In fact I would bet the number is much higher. I heard of many ‘accidents’ or suicides that happened in a factory setting and were not reported to the authorities. The boss often gives money to the family as a “compensation”.
But why are there so many accidents?
I like James Palmer’s take on this in his very good article, Cha Bu Duo! Close Enough…
Take the last year alone. You don’t have a proper cold-storage chain to send vaccines? Well, stick some ice in the parcels and put them in the post. Chabuduo, and children cough to death. Why take the sludge to a disposal site? Just pile it up here, where everyone else has been putting it. Chabuduo,and 91 people are crushed by a landslide in Guangdong. Separate out the dangerous materials? What does it matter, just stick that nitrate over there. Chabuduo, and a fireball goes up in Tianjin, north China’s chief port, incinerating 173 people.
‘There’s a Tianjin-level explosion every month,’ a staff member at a national-level work-safety programme told me, asking for anonymity. ‘But mostly they happen in places that nobody cares about.’ Careless disasters are buried all the time; when a chemical plant exploded in Tangshan in March 2014, a friend there told me of the management’s relief after the Malaysia Airlines flight 370 went missing the next day, swallowing up all other news and making sure nobody but them noticed, save for 13 widows.
But the small deaths pile up: on construction sites where men wield blowtorches without safety goggles, or dangle from tied-together lengths of old rope; from food poisoning from meat carried in unrefrigerated vans; from fires in badly wired apartments. The toll grows every day, especially among the poor, unnoticed and unrecorded by the institutions supposedly guarding them.
Many Chinese cities are half building site; I’ve gone on walks through back alleys that resembled Super Mario levels, full of grinding wheels shooting out flurries of super-heated sparks, bricks dropped from scaffolding above without warning and cords strung across the pavement. ‘Why don’t you put tape around that?’ I asked at one spot, pointing to a guttering pit next to the road, deep enough to break a neck. The migrant workers shrugged. ‘Nobody told us to.’

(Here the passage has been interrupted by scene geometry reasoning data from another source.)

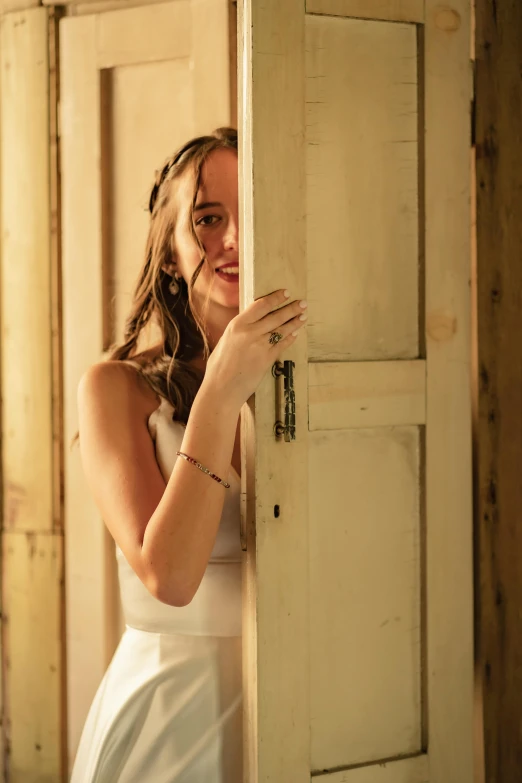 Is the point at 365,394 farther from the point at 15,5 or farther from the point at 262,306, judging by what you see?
the point at 15,5

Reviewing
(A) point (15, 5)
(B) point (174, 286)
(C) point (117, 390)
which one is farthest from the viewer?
(A) point (15, 5)

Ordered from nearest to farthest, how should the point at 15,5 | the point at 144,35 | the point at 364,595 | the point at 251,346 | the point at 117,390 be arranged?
the point at 251,346 < the point at 364,595 < the point at 117,390 < the point at 144,35 < the point at 15,5

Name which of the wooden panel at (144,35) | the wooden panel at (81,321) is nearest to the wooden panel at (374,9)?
the wooden panel at (144,35)

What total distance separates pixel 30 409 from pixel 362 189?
1.15 m

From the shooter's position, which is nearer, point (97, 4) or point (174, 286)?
point (174, 286)

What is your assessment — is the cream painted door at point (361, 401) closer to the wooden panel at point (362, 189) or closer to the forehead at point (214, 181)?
the wooden panel at point (362, 189)

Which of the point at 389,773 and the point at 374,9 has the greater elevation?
the point at 374,9

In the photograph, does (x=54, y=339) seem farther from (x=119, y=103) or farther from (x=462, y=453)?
(x=462, y=453)

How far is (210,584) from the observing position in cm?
146

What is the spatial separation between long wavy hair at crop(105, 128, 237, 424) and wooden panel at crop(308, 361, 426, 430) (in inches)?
11.2

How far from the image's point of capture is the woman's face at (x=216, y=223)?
1523mm

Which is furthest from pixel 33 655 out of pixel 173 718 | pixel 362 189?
pixel 362 189

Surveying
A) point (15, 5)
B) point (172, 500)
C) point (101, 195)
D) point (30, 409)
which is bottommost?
point (172, 500)

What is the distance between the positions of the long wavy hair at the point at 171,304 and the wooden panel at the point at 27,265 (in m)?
0.56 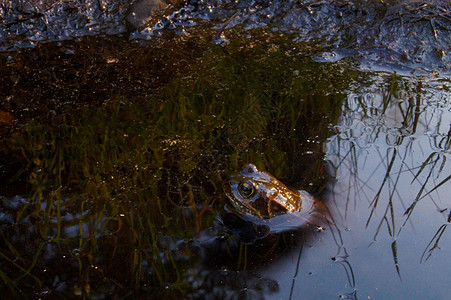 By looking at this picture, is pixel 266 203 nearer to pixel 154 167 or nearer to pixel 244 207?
pixel 244 207

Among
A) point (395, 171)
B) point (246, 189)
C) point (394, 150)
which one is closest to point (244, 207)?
point (246, 189)

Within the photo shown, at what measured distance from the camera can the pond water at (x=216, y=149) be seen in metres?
2.06

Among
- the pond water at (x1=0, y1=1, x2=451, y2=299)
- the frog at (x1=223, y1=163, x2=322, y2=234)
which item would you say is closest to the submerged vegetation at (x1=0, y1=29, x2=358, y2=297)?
the pond water at (x1=0, y1=1, x2=451, y2=299)

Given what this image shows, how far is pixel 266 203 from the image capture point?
7.78 feet

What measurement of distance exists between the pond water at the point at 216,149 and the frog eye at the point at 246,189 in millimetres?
169

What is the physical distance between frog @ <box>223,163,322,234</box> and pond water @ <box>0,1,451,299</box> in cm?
5

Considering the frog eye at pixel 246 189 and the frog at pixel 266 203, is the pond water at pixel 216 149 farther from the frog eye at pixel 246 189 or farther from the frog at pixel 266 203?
the frog eye at pixel 246 189

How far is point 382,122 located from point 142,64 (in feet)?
6.33

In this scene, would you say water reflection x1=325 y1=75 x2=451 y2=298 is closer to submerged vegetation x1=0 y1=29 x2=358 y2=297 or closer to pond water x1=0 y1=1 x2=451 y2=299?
pond water x1=0 y1=1 x2=451 y2=299

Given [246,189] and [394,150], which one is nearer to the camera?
[246,189]

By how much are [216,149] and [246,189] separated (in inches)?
22.0

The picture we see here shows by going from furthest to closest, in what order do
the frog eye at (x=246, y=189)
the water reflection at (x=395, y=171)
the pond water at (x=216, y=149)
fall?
the frog eye at (x=246, y=189)
the water reflection at (x=395, y=171)
the pond water at (x=216, y=149)

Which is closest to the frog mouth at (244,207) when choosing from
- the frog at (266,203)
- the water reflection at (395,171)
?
the frog at (266,203)

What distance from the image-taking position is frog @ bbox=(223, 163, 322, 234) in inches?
92.7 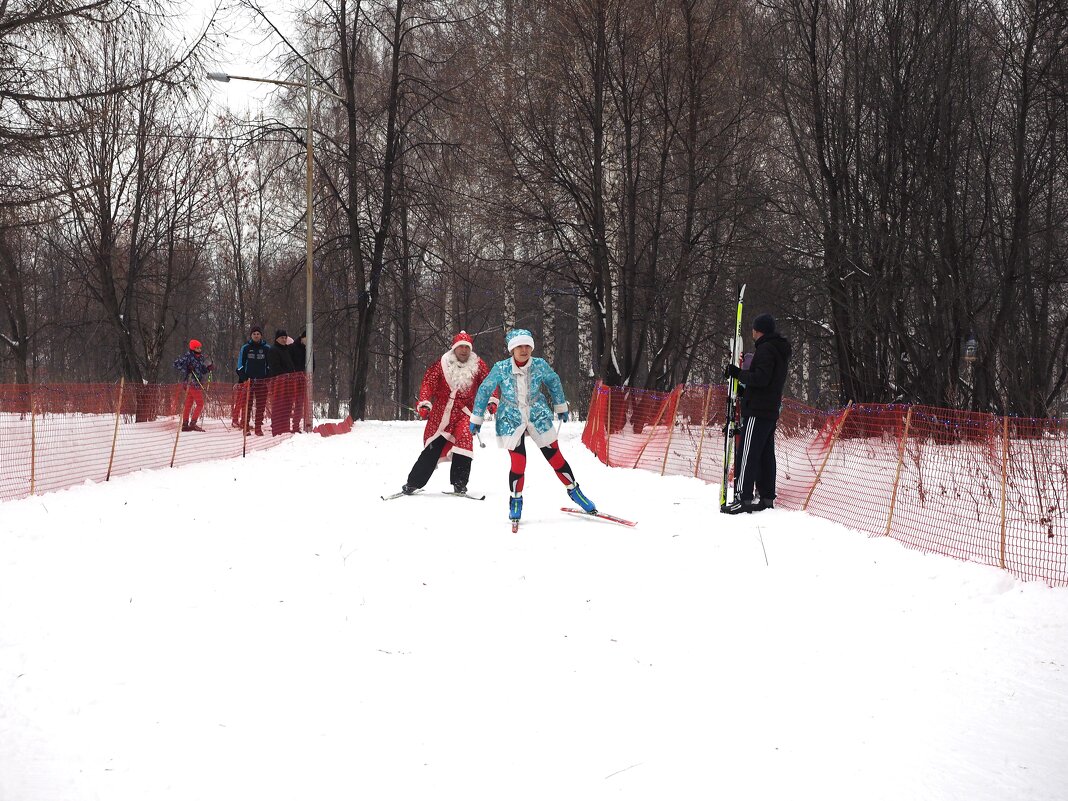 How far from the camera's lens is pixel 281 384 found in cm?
1852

Does China not care about this?
Yes the government takes it seriously. It is not their priority number 1 but they have taken steps.
The Law of the People’s Republic of China on Work Safety and the Law of the People’s Republic of China on the Prevention and Control of Occupational Diseases were announced in 2002.

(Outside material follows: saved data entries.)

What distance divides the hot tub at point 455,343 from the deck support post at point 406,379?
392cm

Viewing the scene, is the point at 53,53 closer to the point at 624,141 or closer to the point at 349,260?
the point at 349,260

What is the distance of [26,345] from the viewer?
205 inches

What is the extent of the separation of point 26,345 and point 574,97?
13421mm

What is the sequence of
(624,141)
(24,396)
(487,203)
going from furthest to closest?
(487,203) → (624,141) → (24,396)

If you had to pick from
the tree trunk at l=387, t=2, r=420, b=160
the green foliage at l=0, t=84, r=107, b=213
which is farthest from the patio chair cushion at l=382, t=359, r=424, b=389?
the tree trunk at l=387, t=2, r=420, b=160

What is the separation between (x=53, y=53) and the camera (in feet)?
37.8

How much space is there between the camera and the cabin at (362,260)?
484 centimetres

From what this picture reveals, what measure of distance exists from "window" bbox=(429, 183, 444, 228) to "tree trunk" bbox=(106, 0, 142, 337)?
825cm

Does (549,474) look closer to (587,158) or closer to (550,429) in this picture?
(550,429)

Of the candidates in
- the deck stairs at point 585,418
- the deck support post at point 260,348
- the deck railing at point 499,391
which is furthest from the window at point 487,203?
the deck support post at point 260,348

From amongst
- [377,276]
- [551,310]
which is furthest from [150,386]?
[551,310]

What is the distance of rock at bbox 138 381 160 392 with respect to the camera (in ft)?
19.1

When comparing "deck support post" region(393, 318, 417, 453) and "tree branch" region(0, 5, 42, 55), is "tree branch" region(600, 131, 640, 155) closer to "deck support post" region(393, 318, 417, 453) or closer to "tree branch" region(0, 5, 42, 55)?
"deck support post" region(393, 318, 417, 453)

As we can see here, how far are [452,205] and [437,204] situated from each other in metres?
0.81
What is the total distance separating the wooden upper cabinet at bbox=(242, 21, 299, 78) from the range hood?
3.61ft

China’s government has paid more attention on high-risk industries, especially mining, chemical production, and firework production. the problem is local governments — do they really enforce the law strictly? Not always.
Is the occupation health and safety (OHS) really improving in China?

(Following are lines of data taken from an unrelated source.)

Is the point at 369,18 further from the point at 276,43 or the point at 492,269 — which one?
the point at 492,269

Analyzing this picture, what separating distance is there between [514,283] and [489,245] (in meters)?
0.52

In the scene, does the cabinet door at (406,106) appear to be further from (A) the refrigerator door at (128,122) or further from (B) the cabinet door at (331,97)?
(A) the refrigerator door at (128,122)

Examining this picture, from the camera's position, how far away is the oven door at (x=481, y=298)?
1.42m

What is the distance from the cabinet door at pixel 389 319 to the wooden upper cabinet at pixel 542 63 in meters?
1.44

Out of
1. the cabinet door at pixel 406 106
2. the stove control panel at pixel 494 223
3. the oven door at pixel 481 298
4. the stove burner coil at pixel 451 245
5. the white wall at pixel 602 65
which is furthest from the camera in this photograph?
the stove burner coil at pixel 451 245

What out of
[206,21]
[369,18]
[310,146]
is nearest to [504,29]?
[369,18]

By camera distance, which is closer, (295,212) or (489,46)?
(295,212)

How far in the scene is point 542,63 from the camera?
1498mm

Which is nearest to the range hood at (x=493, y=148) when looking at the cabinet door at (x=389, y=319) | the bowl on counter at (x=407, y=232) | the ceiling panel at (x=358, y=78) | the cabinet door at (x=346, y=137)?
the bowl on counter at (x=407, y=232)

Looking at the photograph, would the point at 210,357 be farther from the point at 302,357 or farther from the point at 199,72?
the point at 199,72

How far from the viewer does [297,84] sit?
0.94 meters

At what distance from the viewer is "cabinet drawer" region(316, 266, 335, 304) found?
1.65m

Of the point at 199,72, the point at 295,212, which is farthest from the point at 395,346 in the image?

The death toll is dropping steadily. Good. I believe the numbers are much higher than reported, but I also believe the trend goes in the right direction.
However, both chronic and acute occupational diseases are on the rise. One example is pneumoconiosis, which is now the biggest occupational disease reported in China (23,812 cases reported in 2010).
How to evaluate the safety standard of your Chinese suppliers?
Some foreign buyers pay for third-0party social compliance audits. However, they leave a lot to be desired.
As I wrote in What a Social Auditor Should Check in Chinese Factories:
Most Chinese manufacturers are really at the level of European and American factories one century ago in that respect, and that’s frightening. Now THAT’s something you probably want to check.
The main questions are:
- Are workers wearing appropriate PPE (personal protective equipment)?
- Are there fire hazards? Is fire prevention taken seriously? (Several tragedies were reported in Bangladesh over the past few years, and I am surprised there are not more accidents of that nature in China.)
- Has factory management done something about the major sources of danger to employees?
The problem with audits is, they are purely compliance-based. Therefore the manufacturers become skilled at hiding non-conformities. And an auditor only has maybe 1 hour to devote to safety (their checklist usually covers working hours, forced labor, and many other topics). Real issues are seldom discovered.
Another approach that importers can follow is the Risk Assessment and Control. The idea is similar to risk and hazard analysis for product quality assurance but this time is all about the occupational safety and health at work.